Wildflowers of Northern California
The forests surrounding the town of Alderpoint, California, were a magical place for me to escape to when I was a child.
Even now, I return to the memories I have of that place. Whenever I do, I think of my escapes to the forest during the various seasons of the year. With the exception of Winter, there were beautiful wildflowers that came with each.
In the Spring, I would travel out Steelhead Road and head up into the hills behind the town garbage dump. The forest in this area was a mixed deciduous wood, made up mostly of oak, manzanita, pepperwood and madrone, with a scattering of Douglas fir. In this wood, there were several flowers that I would always search for in the Spring. They are the buttercup, cat's ear flower, wild violet, mariposa lily and the cream fawn lily.

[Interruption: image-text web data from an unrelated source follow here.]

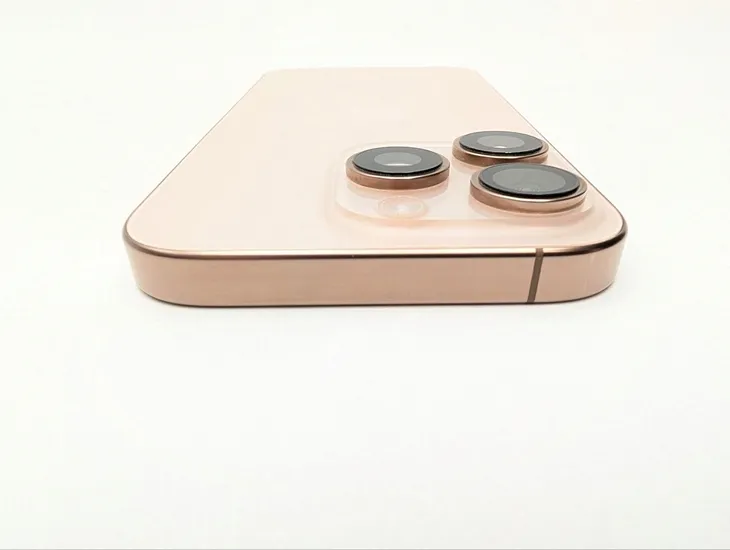 apple-iphone-16-pro-128gb-tytan-pustynny-typ-smartfon
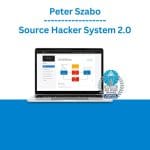 [Member Access] Source Hacker by Peter Szabo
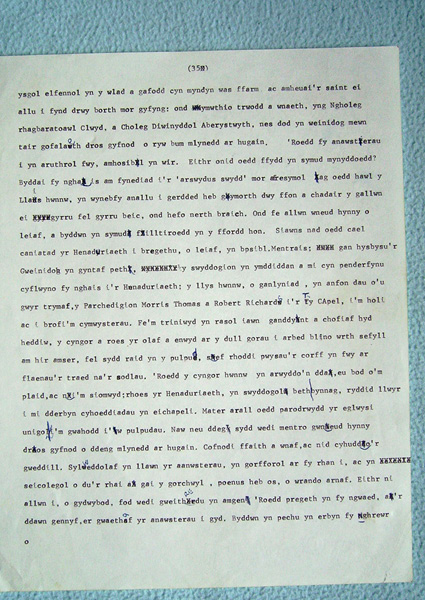 35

Out beyond this wood was a beautiful meadow that overlooked an artificial pond that had been used in decades past for a lumber milling operation. In those days, it was filled with the rusted derelicts of trucks and cars from the mid twentieth century. Sometimes, I would walk around the giant pond, capturing a glimpse of the rusting hulks. I would imagine them as moth-balled ships, anchored to the dock in a scrapyard, awaiting recycling. After daydreaming over the rusting hulks in the pond, I would return to the meadow where I would lay out in the grass, searching for mariposa lilies. The other flowers preferred some measure of shade, so I would always look for them as I walked through the wood.
In the Summer, other beauties would make their way to this wood an field. The indian paintbrush with it's bright red and orange varieties would point the way out Steelhead Road on my way to the wood. Along a particularly shady section of Steelhead there was an embankment that became the home of beautiful wood fern and the western columbine with its red, orange, and yellow blooms. It was during the summer months that I would also find purple iris, shooting stars, the firecracker flower, and the yellow lantern. With the exception of the iris, the other flowers complimented the season with their patriotic parity to light and celebration, for I would always see them in the weeks leading and following Independence Day.
In the Fall, I would know that summer was coming to an end with the last waves of foxglove and wild iris. Sometimes, I'd even catch a glimpse of farewell-to-spring, a flower that usually blooms in the mid to later summer months.
As I think about these flowers, I am also recalling their scent. Only a few of them, the yellow lantern and violets come to mind, had any memorable scent. Most of these flowers were very showy. There were two flowers that had a very distinct scent. One, the western fairy slipper, smelled like Tide laundry detergent. A pleasant scent, to be sure. I didn't recall this one because it grew deep in the Douglas fir forests where I didn't spend much time.
There was another flower, I'm recalling just now, a sticky cousin to the buttercup that I only encountered a handful of times as a child. It has the scent of pure sunshine. There is no other way of describing it other than to say if the sun were instantly transformed into a sugary sweet smell, this flower would be its carrier. When one picked this flower, it adhered to the hand as a sticky substance covered parts of the stem and flower. I say it looked like the buttercup because it's flowers looked similar. Unlike the yellow buttercup, this flower had white petals tinged with a touch of yellow.
These flowers were my friends. I would look for them, welcoming them to the world with each season.
As an adult, I remember all of them in my mind. When I visit California, I am often there during times of the year when these flowers are not in bloom. Fortunately, I can return to them at any time, in my mind. It's March. If I were in the wood behind the town dump, I would be looking for my Spring friends.
I am sure they are there, in the partial shade of the woods. And also out in the meadow, where I am imagining laying in the tall grass, next to a mariposa lily, basking in the sunshine of a beautiful Northern California spring day in southern Humboldt County, just outside a little town called Alderpoint.